Appellant urges that this policy was already void as to the mortgagor at the time this request was made of the insurer by the mortgagee. However, that argument does not impress us in view of the first part of the rider, which provided that the continuing of the policy ip force was subject to the condition that the policy was in' full force at that time.

Appellant also argues that the rider under consideration would not have the effect of keeping alive the policy as to mortgagor on account of the fact that he had no notice of the contract entered into at that time between the insurer and the mortgagee. However, this court has held that a contract made for the benefit of a third person may be enforced by him, though he was not a party nor cognizant of it when made. (Maddock v. Riggs, 106 Kan. 808, 190 Pac. 112; Weld v. Carey, 122 Kan. 666, 253 Pac. 235.)

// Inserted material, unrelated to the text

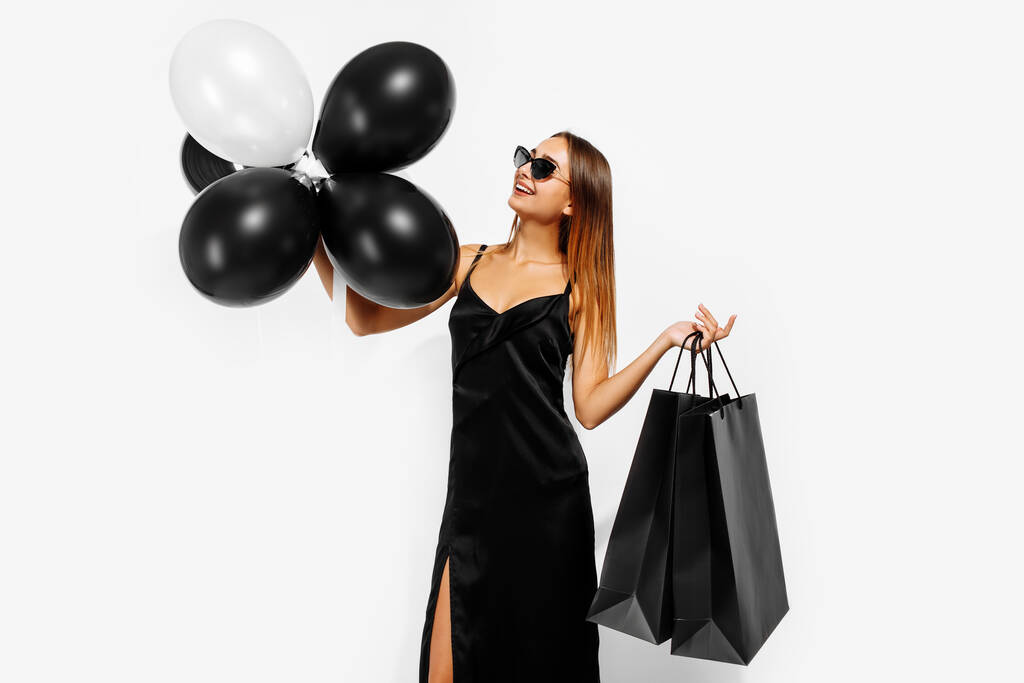 Kara Cuma indirimi. Beyaz arka planda balonları ve alışveriş çantaları olan siyah şık elbiseli genç bir kadın. - Fotoğraf, Görsel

Appellant also urges that since the rider only provided for the • insurance during the foreclosure proceedings, that as soon as the land was sold the foreclosure proceedings terminated and the liability of the insurance company terminated. We do not agree with the conclusion reached by the insurer that the foreclosure proceedings terminated with the sale of the property. The rule in 41 C. J. 889 is that—

“Ordinarily, a mortgage cannot be said to be foreclosed until the mortgagor’s equity of redemption has been cut off, or the last step provided for in the process has been taken.”

There are many things that can happen in a foreclosure suit after the property is sold.

*581We conclude that the rider of April 23 kept the policy in effect as to the mortgagor as well as the mortgagee. The judgment of the lower court is affirmed.